[Saved data entries]
------------------------------------

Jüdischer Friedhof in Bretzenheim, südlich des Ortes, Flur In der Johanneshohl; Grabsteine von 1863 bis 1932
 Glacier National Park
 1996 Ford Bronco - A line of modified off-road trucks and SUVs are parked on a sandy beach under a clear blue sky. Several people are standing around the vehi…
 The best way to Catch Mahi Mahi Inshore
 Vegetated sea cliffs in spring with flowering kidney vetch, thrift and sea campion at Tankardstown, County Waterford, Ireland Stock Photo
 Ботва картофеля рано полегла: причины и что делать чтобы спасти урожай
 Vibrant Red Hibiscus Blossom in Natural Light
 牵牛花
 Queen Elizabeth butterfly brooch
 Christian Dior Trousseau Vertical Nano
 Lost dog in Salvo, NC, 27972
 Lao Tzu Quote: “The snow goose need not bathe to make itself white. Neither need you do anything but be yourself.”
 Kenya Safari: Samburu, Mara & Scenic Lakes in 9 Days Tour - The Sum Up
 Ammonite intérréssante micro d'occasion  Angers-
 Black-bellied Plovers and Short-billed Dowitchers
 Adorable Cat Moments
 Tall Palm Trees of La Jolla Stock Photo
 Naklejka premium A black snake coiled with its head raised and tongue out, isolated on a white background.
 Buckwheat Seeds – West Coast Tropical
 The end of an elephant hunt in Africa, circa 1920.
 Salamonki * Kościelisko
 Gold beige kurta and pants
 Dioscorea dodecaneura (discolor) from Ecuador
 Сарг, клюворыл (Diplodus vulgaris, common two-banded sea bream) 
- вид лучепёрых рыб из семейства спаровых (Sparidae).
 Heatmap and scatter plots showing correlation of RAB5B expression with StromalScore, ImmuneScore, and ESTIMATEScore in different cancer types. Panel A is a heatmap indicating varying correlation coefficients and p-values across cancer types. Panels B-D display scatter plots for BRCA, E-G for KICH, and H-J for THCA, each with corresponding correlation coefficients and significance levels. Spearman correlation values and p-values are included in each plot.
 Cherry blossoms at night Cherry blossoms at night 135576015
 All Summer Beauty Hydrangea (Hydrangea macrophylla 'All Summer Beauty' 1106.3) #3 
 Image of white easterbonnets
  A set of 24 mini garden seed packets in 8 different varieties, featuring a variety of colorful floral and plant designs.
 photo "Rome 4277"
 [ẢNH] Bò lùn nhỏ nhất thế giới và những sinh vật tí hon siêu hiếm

------------------------------------

**What the exercise asks**
Wherever the word "white" appears in the entries above, copy that line.

**Written response**
 Lao Tzu Quote: “The snow goose need not bathe to make itself white. Neither need you do anything but be yourself.”
 Naklejka premium A black snake coiled with its head raised and tongue out, isolated on a white background.
 Image of white easterbonnets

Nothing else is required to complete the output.